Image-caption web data

•••

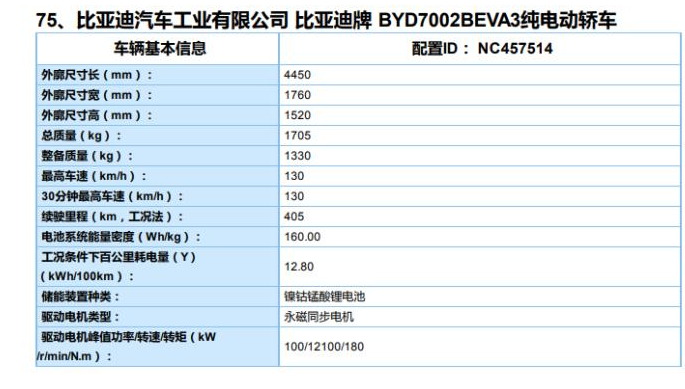 比亚迪e3续航多少公里？比亚迪e3电机动力参数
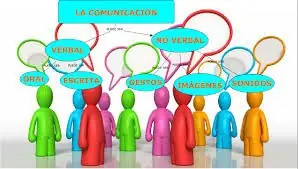 Las relaciones interpersonales y el aprendizaje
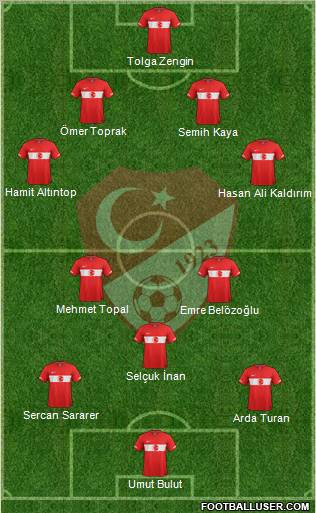 Turkey Formation 2012
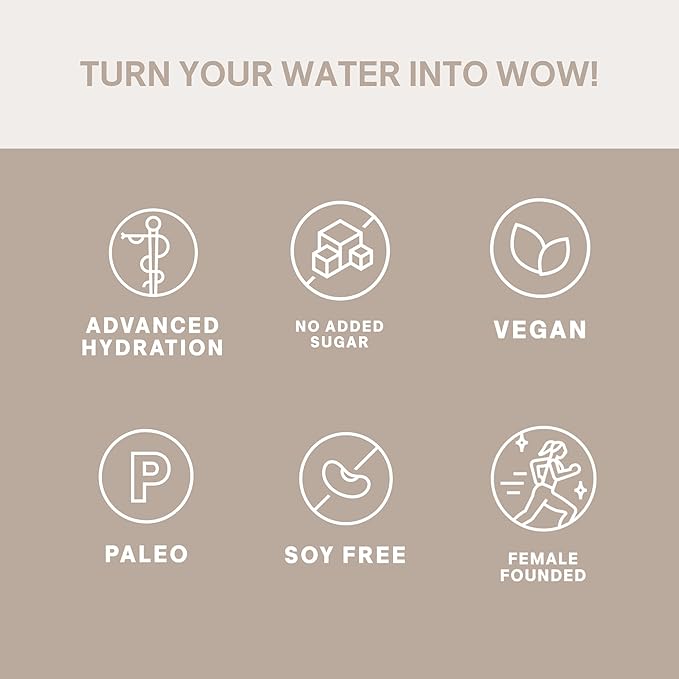 Cure Hydration | Plant-Based Electrolyte Drink Mix | No Added Sugar | FSA-HSA | Dehydration Relief Powder Made with Coconut Water | Non-GMO | Vegan | 28 Packets - Tropical Variety Pack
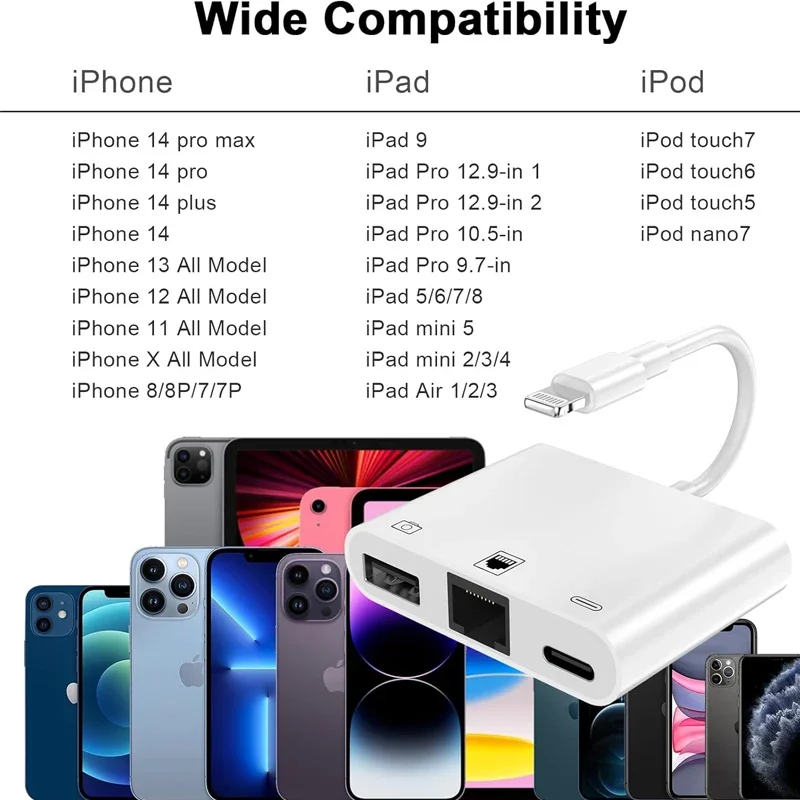 RJ45 Ethernet Adapter For Lightning iPhone 14 13 12 11 8 7 6 5 /iPad/iPod 3 in 1 Adapter with Charging Port USB OTG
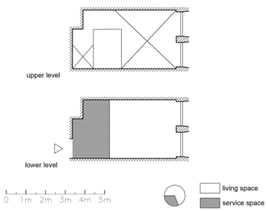Buildings 11 00654 i020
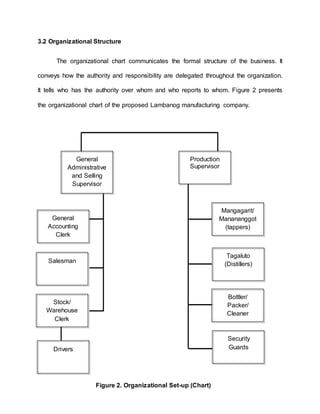 3.2 Organizational Structure
The organizational chart communicates the formal structure of the business. It
conveys how the authority and responsibility are delegated throughout the organization.
It tells who has the authority over whom and who reports to whom. Figure 2 presents
the organizational chart of the proposed Lambanog manufacturing company.
General
Accounting
Clerk
Stock/
Warehouse
Clerk
Salesman
Production
Supervisor
Drivers
Mangagarit/
Manananggot
(tappers)
Tagaluto
(Distillers)
Figure 2. Organizational Set-up (Chart)
Bottler/
Packer/
Cleaner
General
Administrative
and Selling
Supervisor
Security
Guards
 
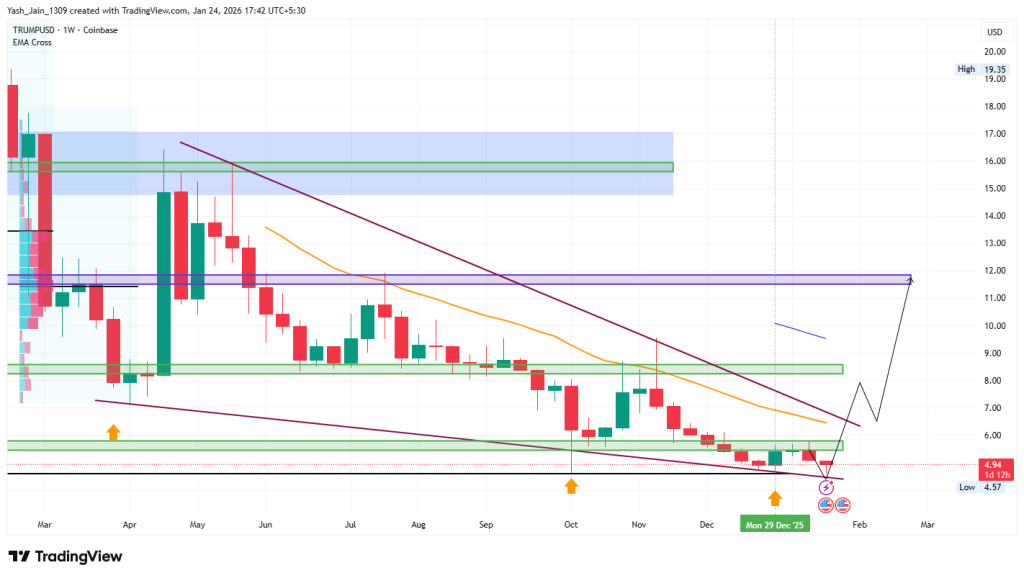 Trump price prediction 2026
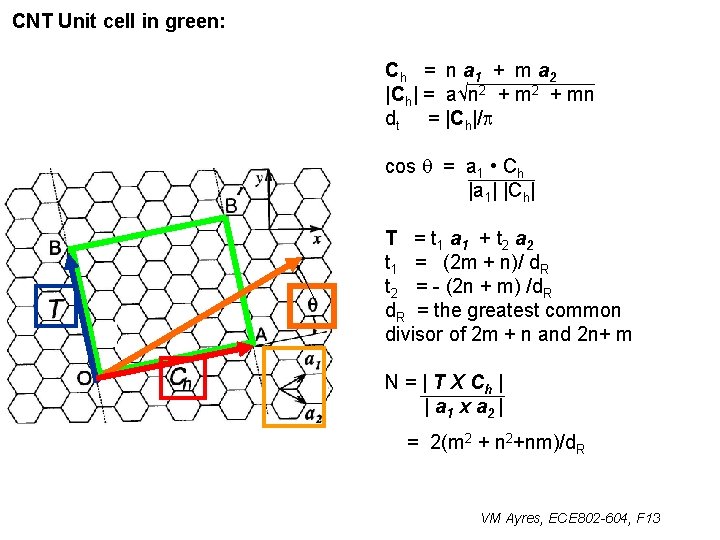 CNT Unit cell in green: Ch = n a 1 + m a 2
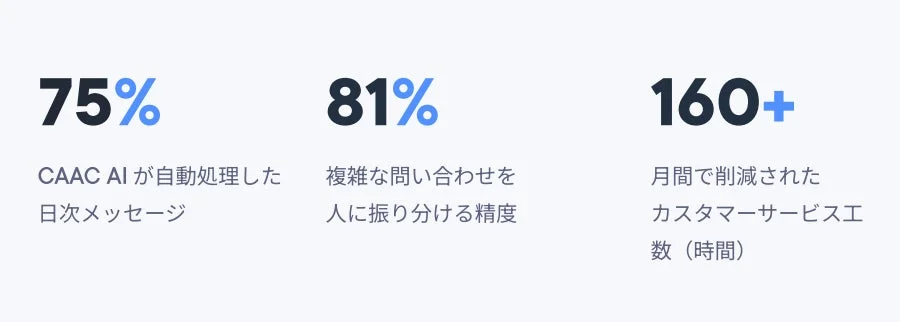 CAAC AIによる顧客対応の効率化データ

•••

◆ Your goal ◆
Retype the data exactly as it stands, but keep the images out of your copy.

◆ Solution for this problem ◆
 比亚迪e3续航多少公里？比亚迪e3电机动力参数
 Las relaciones interpersonales y el aprendizaje
 Turkey Formation 2012
 Cure Hydration | Plant-Based Electrolyte Drink Mix | No Added Sugar | FSA-HSA | Dehydration Relief Powder Made with Coconut Water | Non-GMO | Vegan | 28 Packets - Tropical Variety Pack
 RJ45 Ethernet Adapter For Lightning iPhone 14 13 12 11 8 7 6 5 /iPad/iPod 3 in 1 Adapter with Charging Port USB OTG
Buildings 11 00654 i020
 3.2 Organizational Structure
The organizational chart communicates the formal structure of the business. It
conveys how the authority and responsibility are delegated throughout the organization.
It tells who has the authority over whom and who reports to whom. Figure 2 presents
the organizational chart of the proposed Lambanog manufacturing company.
General
Accounting
Clerk
Stock/
Warehouse
Clerk
Salesman
Production
Supervisor
Drivers
Mangagarit/
Manananggot
(tappers)
Tagaluto
(Distillers)
Figure 2. Organizational Set-up (Chart)
Bottler/
Packer/
Cleaner
General
Administrative
and Selling
Supervisor
Security
Guards
 
 Trump price prediction 2026
 CNT Unit cell in green: Ch = n a 1 + m a 2
 CAAC AIによる顧客対応の効率化データ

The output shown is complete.